Comme l’écrit Jean-Claude David (1998), les communautés minoritaires peuvent jouer leur rôle dans l’élaboration et l’évolution du mode de vie et notamment de l’alimentation, du fait de leur mobilité et d’une plus grande perméabilité aux influences extérieures. Les pratiques traditionnelles subsistent, transposées et adaptées aux nouveaux espaces et aux nouveaux modes de vie. Elles contribuent de cette façon à l’enrichissement des préparations, par l’adoption de plats venus de l’extérieur. Cette idée développe la perméabilité de la ville aux recettes venues de l’extérieur, adoptées et développées plus particulièrement par les groupes minoritaires.

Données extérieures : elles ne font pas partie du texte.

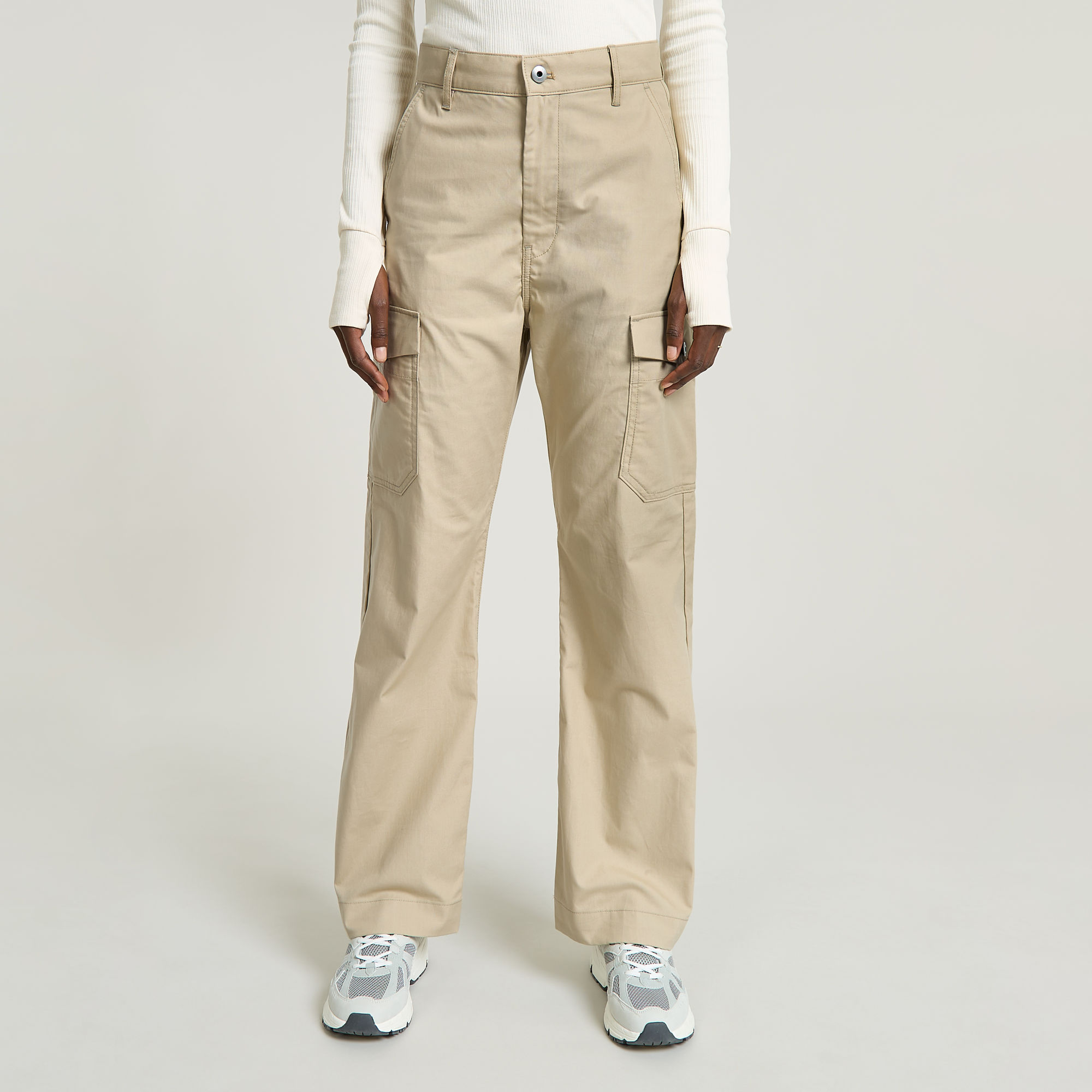 G-Star RAW Regular Cargo Broek - Beige - Dames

Qu’en est-il des échanges intercommunautaires parmi les habitants de la même ville ? Cette dernière partie propose quelques éléments de réponse, tout en se limitant à deux des communautés de la ville : celle musulmane et celle chrétienne.

F. Ollivry (2006) écrit au sujet des échanges des plats et recettes d’une

communauté vers les autres : « La liberté de leur voyage est singulière, lorsqu’on lui oppose les murs

présents dans les esprits et la multitude des codes communautaires qui régissent la vie quotidienne alépine ».

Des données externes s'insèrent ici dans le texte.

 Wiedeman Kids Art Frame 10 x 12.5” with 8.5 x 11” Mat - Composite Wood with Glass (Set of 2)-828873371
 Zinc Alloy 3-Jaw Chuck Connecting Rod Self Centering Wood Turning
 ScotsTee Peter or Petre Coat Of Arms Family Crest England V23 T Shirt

I.D.4.1 Le cadre : Les quartiers d’Alep et la cohabitation

Un jour, ayant un rendez vous avec Georges C. qui me « convoque » toujours de façon très formelle, j’ai osé lui demander, le sachant extrêmement organisé et rigoureux, de m’aider à réaliser un plan de la ville d’Alep ou l’on puisse distinguer les quartiers chrétiens, arméniens et musulmans. Quelle ne fut pas sa réponse, me disant que selon lui c’était un découpage stupide que certes ça existait mais on ne pouvait jamais savoir à cent pour cent la composition de l’immeuble et visiblement cela était la dernière de ses préoccupations. Finalement je me suis laissée convaincre que souligner le découpage de la ville en fonction de l’origine confessionnelle de ses habitants était une façon de renforcer les frontières invisibles établies.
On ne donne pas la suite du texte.